India menggelar pertemuan puncak teknologi keuangan terbesar, Global Fintech Fest (GFF) 2025, yang dengan sengaja tidak memasukkan aset kripto pribadi dan stablecoin dalam agenda utamanya.
Langkah ini menunjukkan pergeseran strategi pemerintah dari aset digital spekulatif menuju transformasi digital yang dikelola negara. Ini juga bertepatan dengan tindakan keras terhadap exchange kripto luar negeri, menegaskan bahwa masa depan FinTech India berfokus pada teknologi di bawah pengawasan pemerintah dan Reserve Bank of India (RBI).
Transformasi Digital yang Dipimpin Pemerintah Mendominasi Agenda
GFF 2025, yang diadakan di Mumbai dari 7-9 Oktober, menampilkan tokoh-tokoh pemerintah utama, termasuk Menteri Keuangan Union dan pejabat dari RBI serta Kementerian Elektronika dan Teknologi Informasi (MeitY). Namun, tinjauan terhadap jalur resmi dan daftar pembicara menunjukkan penghilangan konsisten aset kripto pribadi.
SponsoredSebaliknya, diskusi berfokus pada area yang berada di bawah kendali langsung negara. Ini termasuk aplikasi keuangan dari AI, infrastruktur digital nasional (seperti DigiLocker), kemajuan CBDC, dan keuangan berkelanjutan. Pola ini menunjukkan bahwa pihak berwenang dengan sengaja memisahkan aset kripto pribadi yang tidak diatur. India menegaskan bahwa aset-aset ini bukanlah alat pembayaran yang sah. Pendekatan ini memperkuat sikap pemerintah: inovasi keuangan diterima hanya dengan syaratnya sendiri.
Tindakan Penegakan FIU-IND Blokir Platform Luar Negeri
Keputusan untuk mengecualikan kripto dari dialog resmi FinTech ditegaskan oleh tindakan regulasi yang tegas dan bersamaan. Pada awal Oktober 2025, Financial Intelligence Unit (FIU-IND) India memerintahkan pemblokiran akses ke 25 exchange kripto luar negeri karena gagal mendaftar di bawah Undang-Undang Pencegahan Pencucian Uang (PMLA). Platform-platform ini tidak mematuhi persyaratan AML dan KYC yang wajib di India.
Tindakan ini melampaui sekadar peringatan. Ini merupakan penghapusan fisik platform yang tidak patuh dari pasar domestik, memperkuat komitmen pemerintah terhadap disiplin regulasi.
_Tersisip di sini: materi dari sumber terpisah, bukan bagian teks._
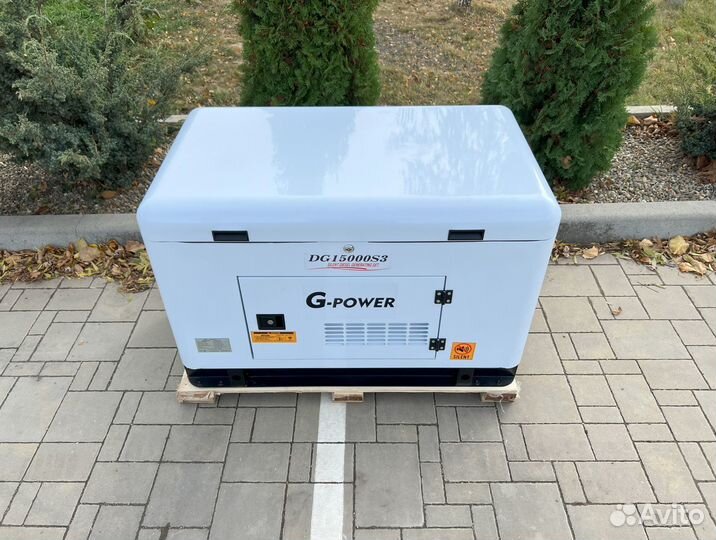 Дизельный генератор 13,5 kW G-power трехфазный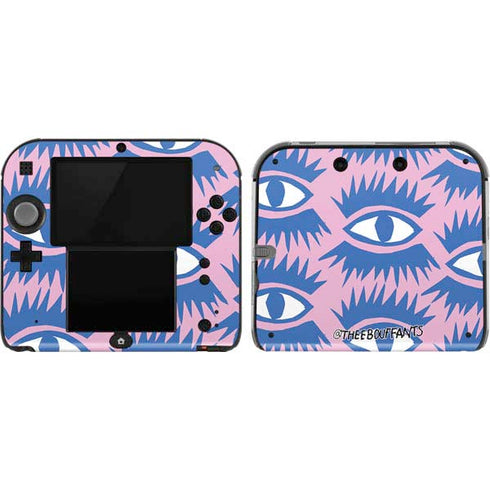 Bouffants and Broken Hearts Bold Eyes 2 Nintendo 2DS Skin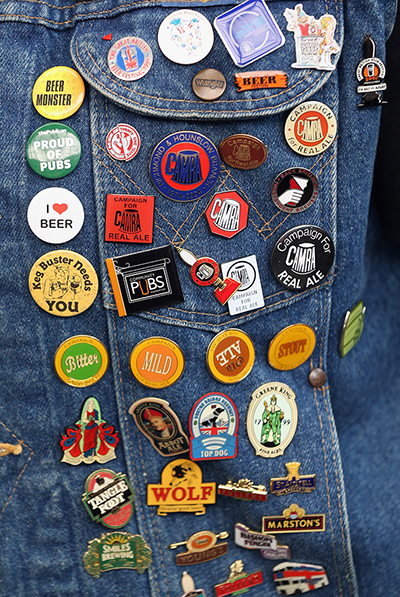 Beer festival extras: Lynne Morgan's badges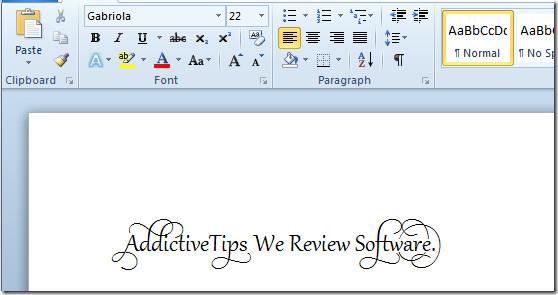 在 Word 2010 套用字體樣式集和連字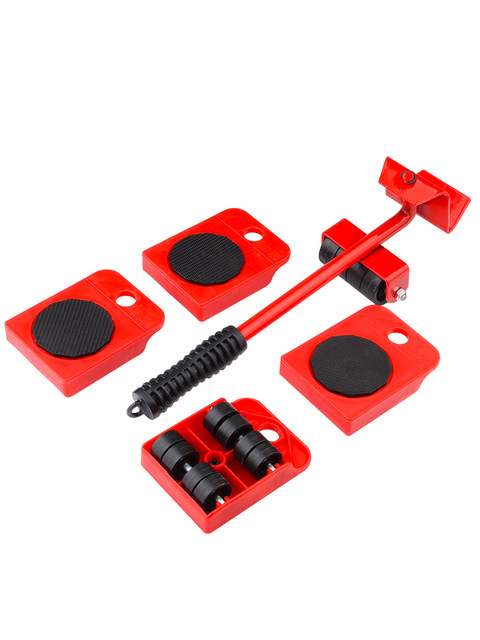 Moving Heavy Objects Tool, Moving Universal Wheels, Furniture Refrigerator Base, Cabinet Lifter, Mobile Wheels, Bed Mover, Relocation Tool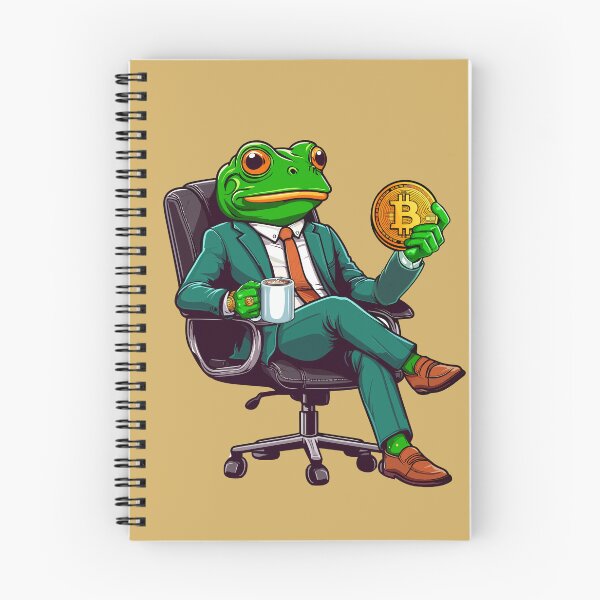 Item preview, Business Frosch thinks about his next investment designed and sold by CryptoFunMerch.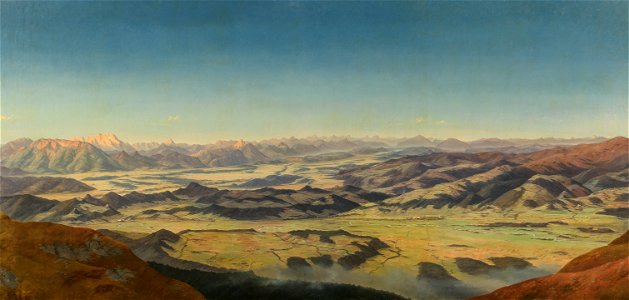 Markus Pernhart Panorama der Koralpe 1867 4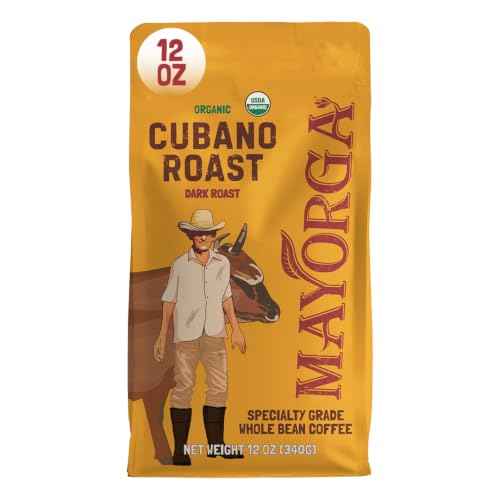 Organic Coffee 12oz Cafe Cubano Roast (12 Ounce)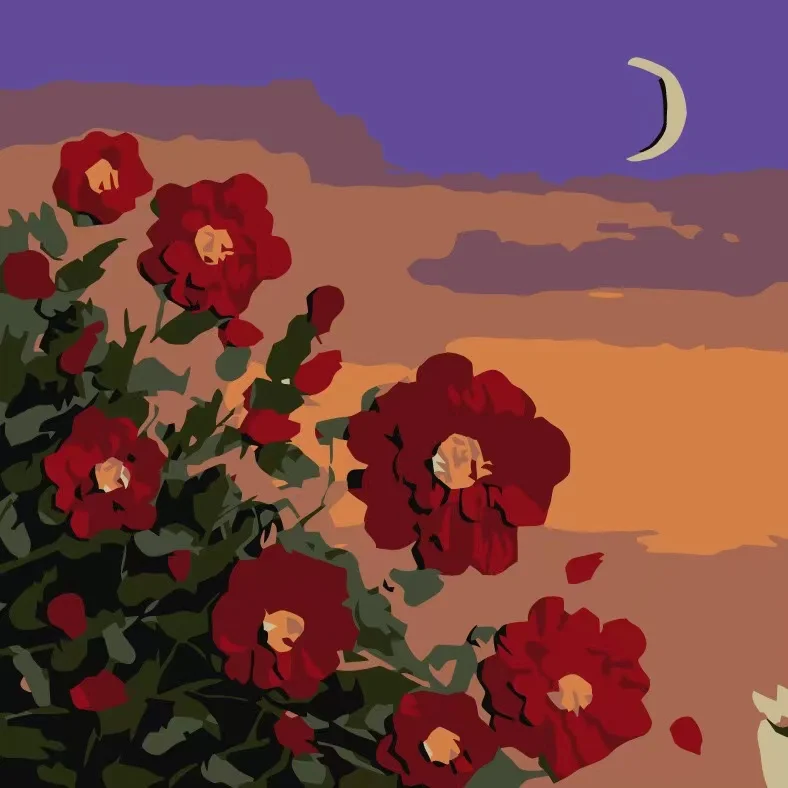 Bulk Sale 20cm Size Anime Cartoon Picture Pattern Custom DIY Oil Handpainted Kids Children Painting By Numbers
Perintah FIU-IND mengirimkan pesan yang jelas kepada sektor Web3: kegagalan untuk berintegrasi ke dalam kerangka keuangan yang diatur akan mengakibatkan pengecualian dari pasar. Konteks penegakan yang ketat ini menjelaskan pengecualian kripto dari agenda GFF. Pihak berwenang menuntut agar semua operator keuangan—digital atau tradisional—memenuhi standar domestik yang ketat sebelum dianggap sebagai peserta yang sah dalam masa depan FinTech India.
Dilema Regulasi untuk Aset Kripto India: Stablecoin dan CBDC
Menteri Keuangan Nirmala Sitharaman mengartikulasikan sikap pemerintah yang bernuansa namun tegas terhadap aset digital pada 3 Oktober 2025.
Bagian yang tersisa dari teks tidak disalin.